Stickelber, Ritchey, Blohm and each member of the Texas Group signed an indemnity agreement in favor of Cayhaven Corporate Services Ltd. ("Cayhaven") as agent for San Pedro. Stickelber, Ritchey and Blohm, as beneficial owners of St. Lucy, each signed a second indemnity agreement in favor of Cayhaven as agent for St. Lucy. Cayhaven invested the St. Lucy funds in a series of short-term certificates of deposit, where they remained for about one year. Several disbursements and loans were made to Stickelber and Ritchey. No disbursements are known to have been made to Blohm.

In November 1982 Blohm and Stickelber signed affidavits to dissolve St. Lucy. The affidavits were notarized by Blohm's secretary. The one-page affidavits contained no corporate titles under the signatures.

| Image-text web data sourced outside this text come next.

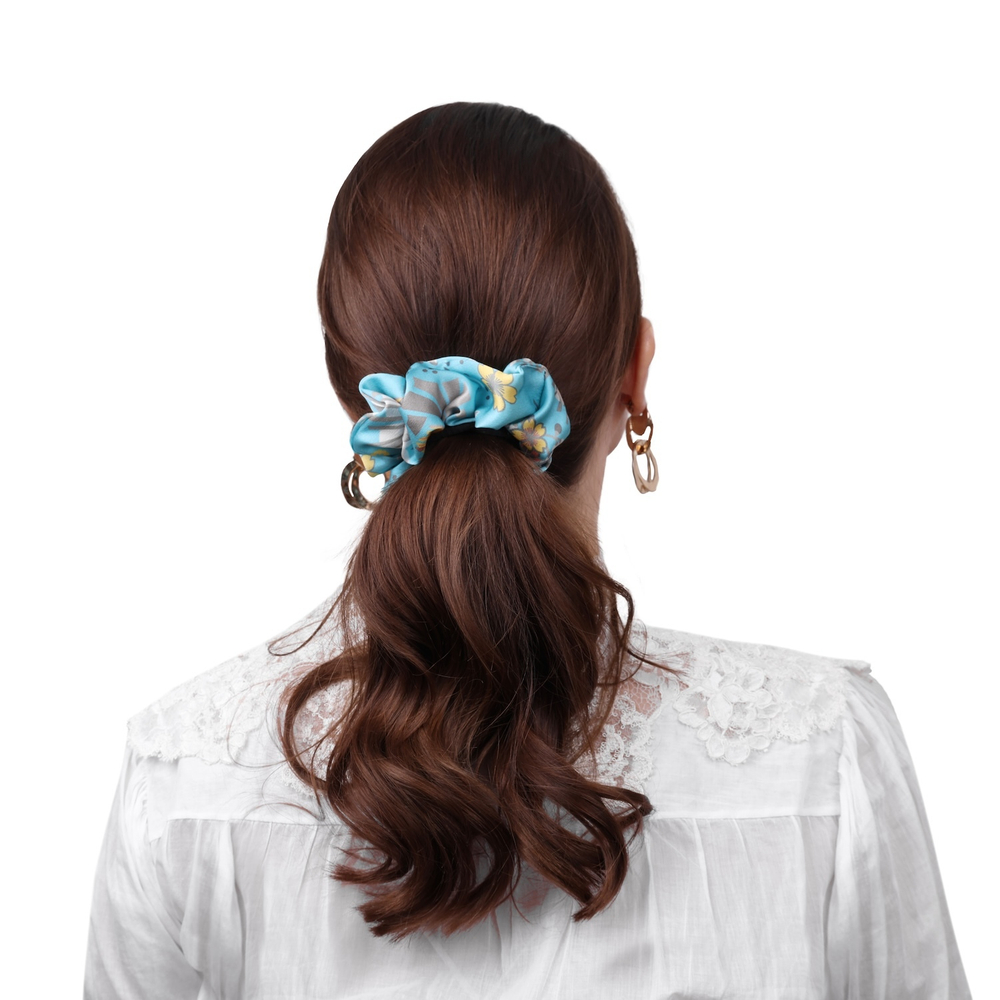 Шелковая резинка для волос Mollen Оммаж светло-бирюзовая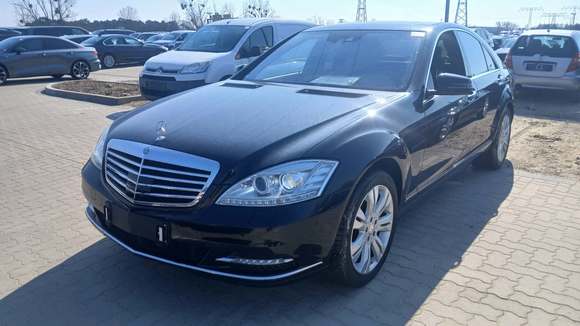 Widok z przodu po stronie lewej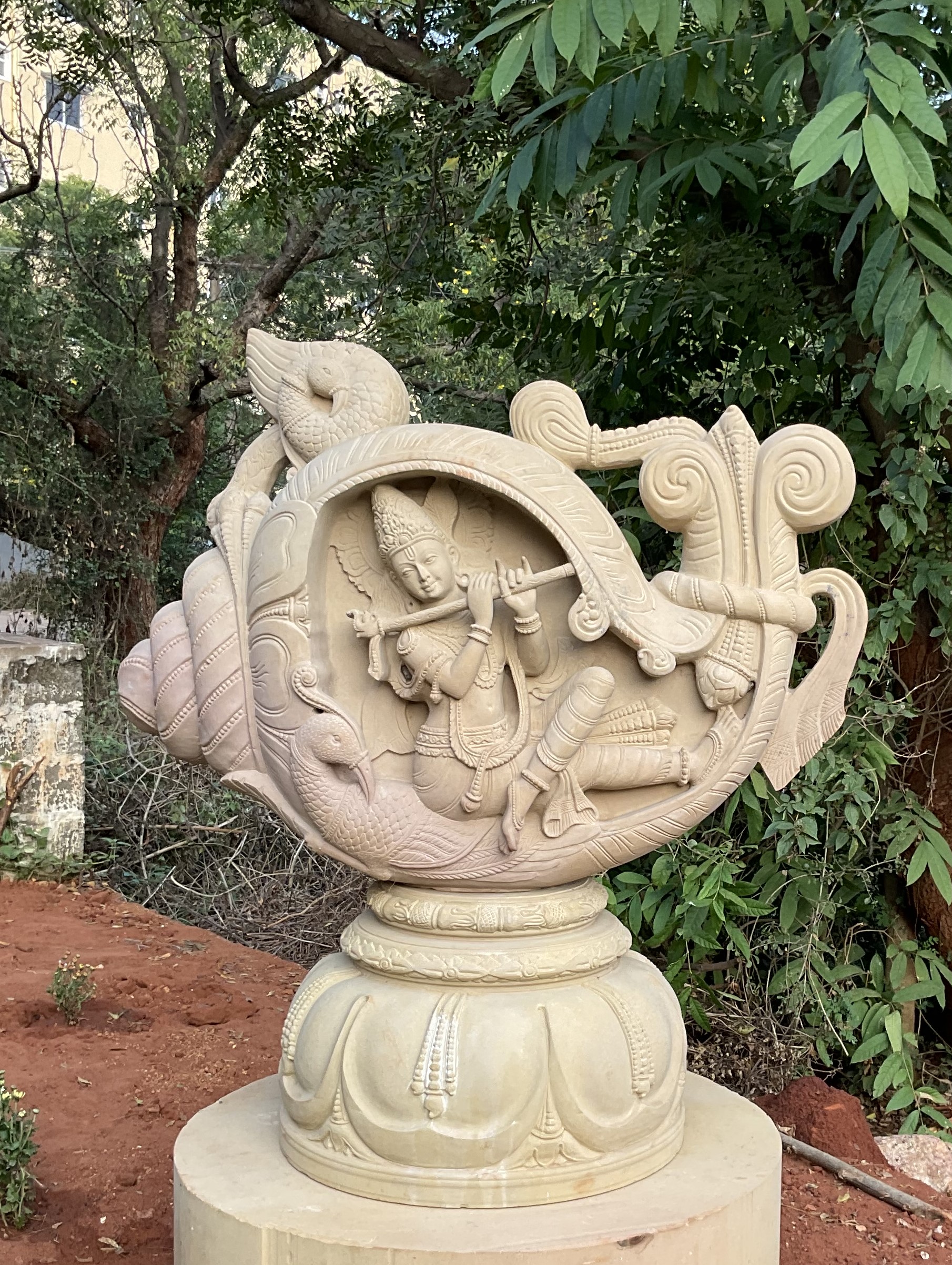Krishna in Conch 4ft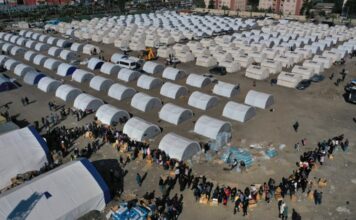 Turska: Više od 386.874 šatora poslato u zonu pogođenu zemljotresom turska:-vise-od-386.874-satora-poslato-u-zonu-pogodjenu-zemljotresom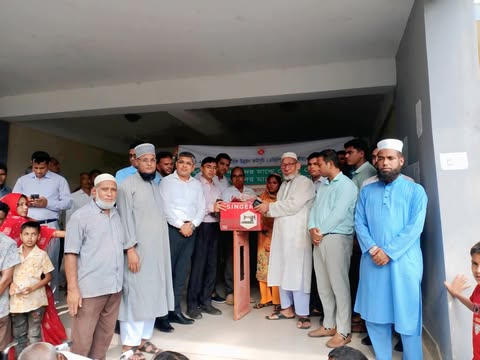 ডিমলায় দরিদ্র নারীদের মাঝে সেলাই মেশিন বিতরণ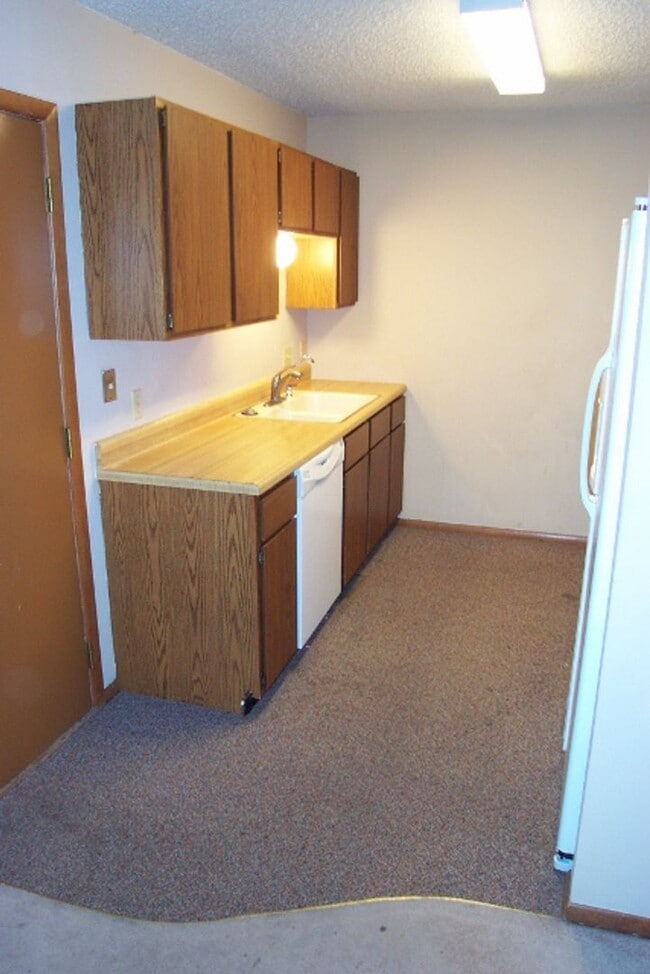 Building Photo - 7011 W O'Neil St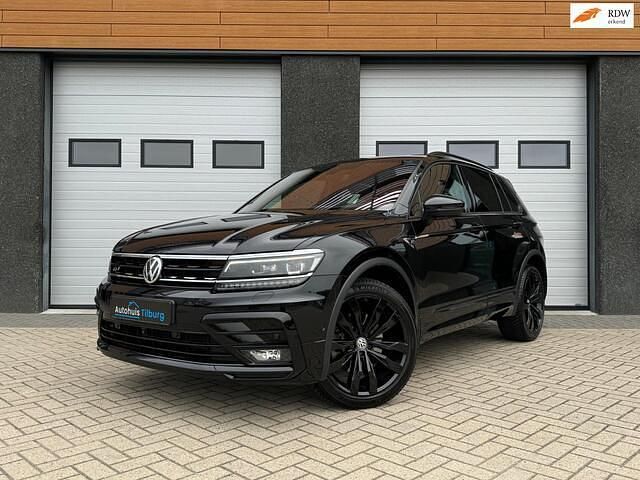 Zwart Gebruikt 2020 VW Tiguan R-line SUV | € 37.990 (Iets duurder) - Afbeelding 1/4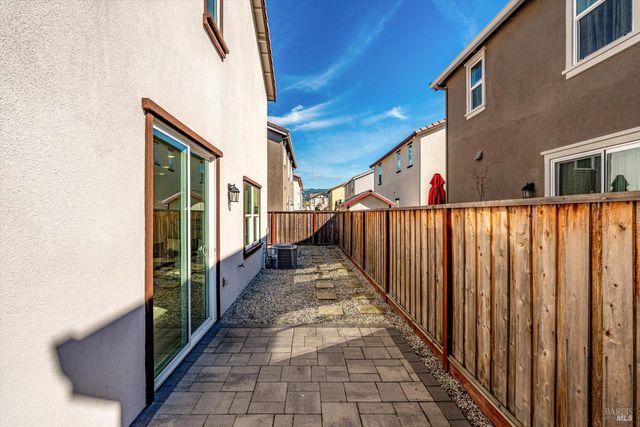 6054 Oxford Pl, Rohnert Park, CA 94928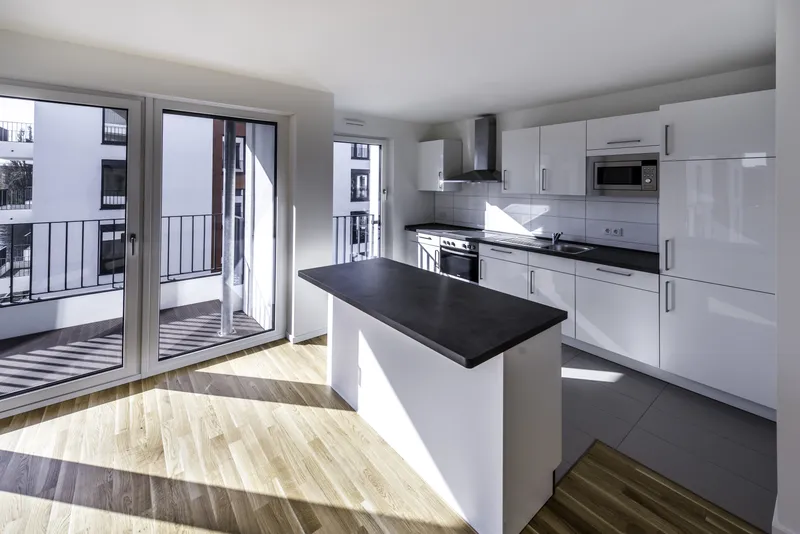 Moderne 3 Zimmer Wohnung mit XXL-Küche und Spreeblick vom Balkon! — photo 1
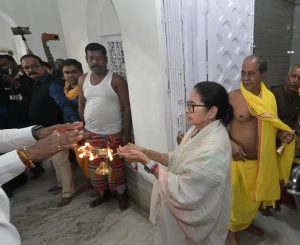 Mamata Banerjee coochBehar madan mohan Temple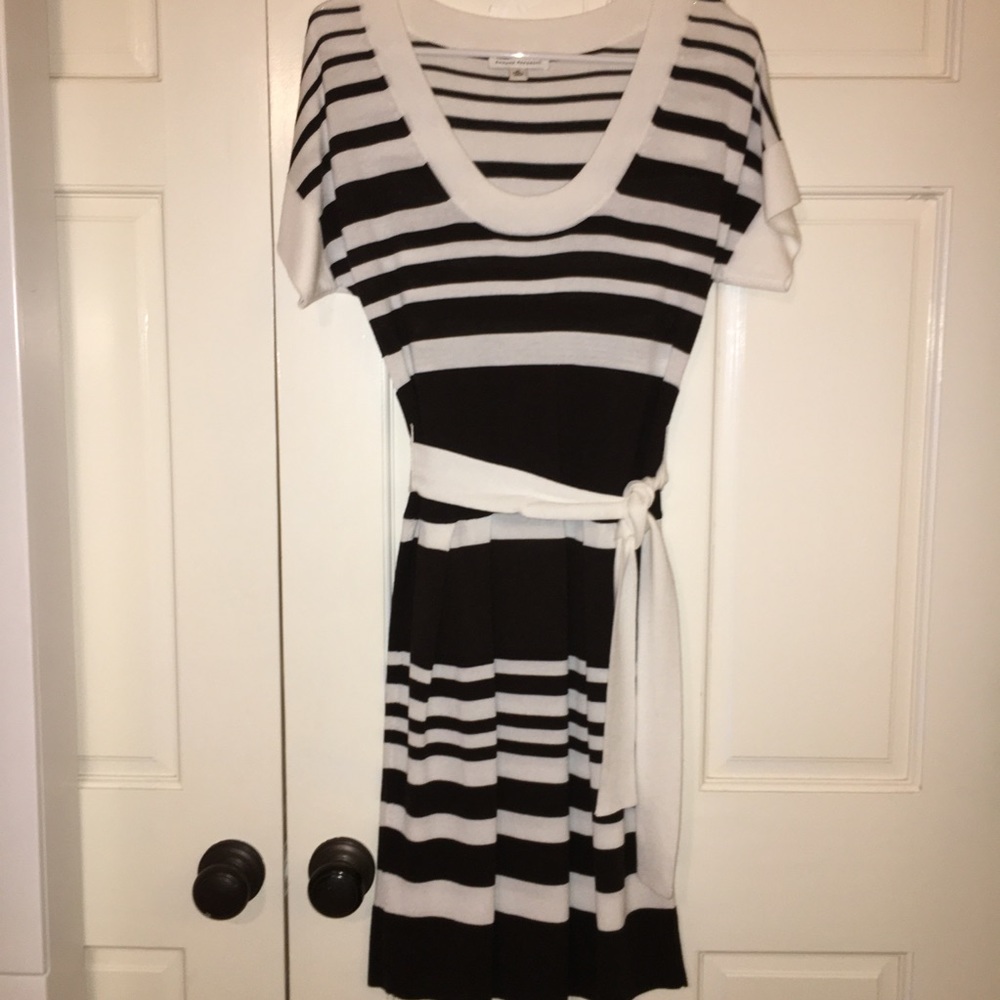 Banana Republic Belted Dress Size Medium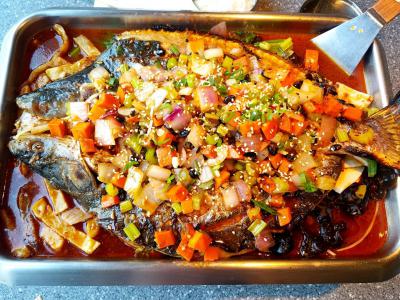 成都烤鱼花季传媒官网下载学校,成都烤鱼花季传媒官网下载哪里学？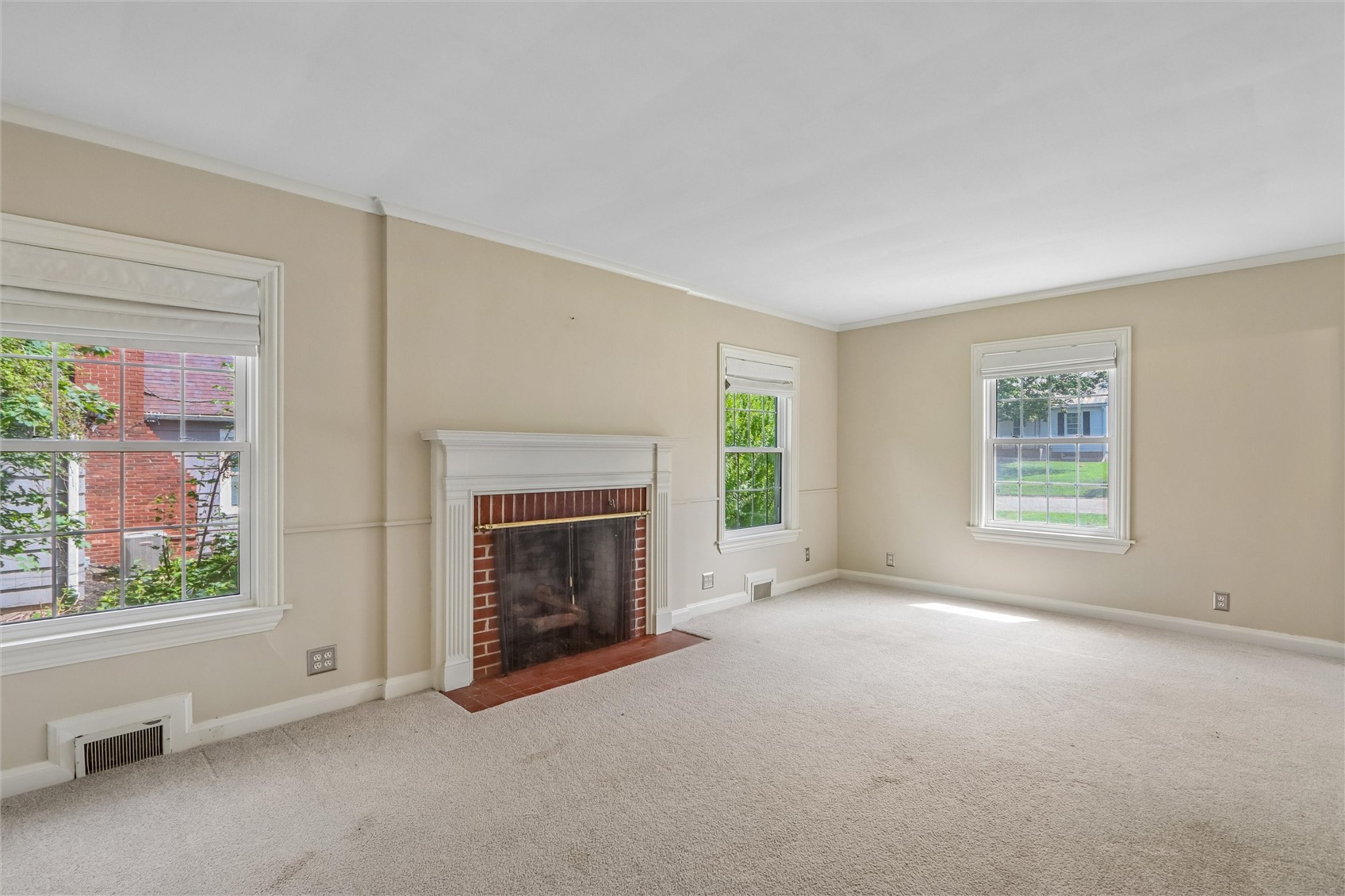1107 8th Avenue Wellman IA 52356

The Blohms did not report any portion of the Cayman Islands kickback on their 1981 joint tax return.

The Promissory Notes

Stickelber took Blohm's share of the money in the St. Lucy account ($143,268) to satisfy a $282,750 debt Blohm owed to a trust settled by Stickelber's father of which Stickelber was co-trustee (the "Stickelber Trust"). In 1982 or 1983, Stickelber canceled Blohm's entire debt to the Stickelber Trust. On their joint amended federal income tax return for 1983, which was filed in 1985, the Blohms reported income totalling $282,750 from the discharge of the indebtedness to the trust.

B. Kitchen Table Transaction

A second scheme surfaced in 1981. This time the Texas Group approached Ritchey about purchasing another group of leases known as the Stuart City Prospect. This plan also involved a kickback of a portion of the purchase price to Marion representatives. Ritchey explained the proposal to Stickelber and Blohm, who both agreed to it.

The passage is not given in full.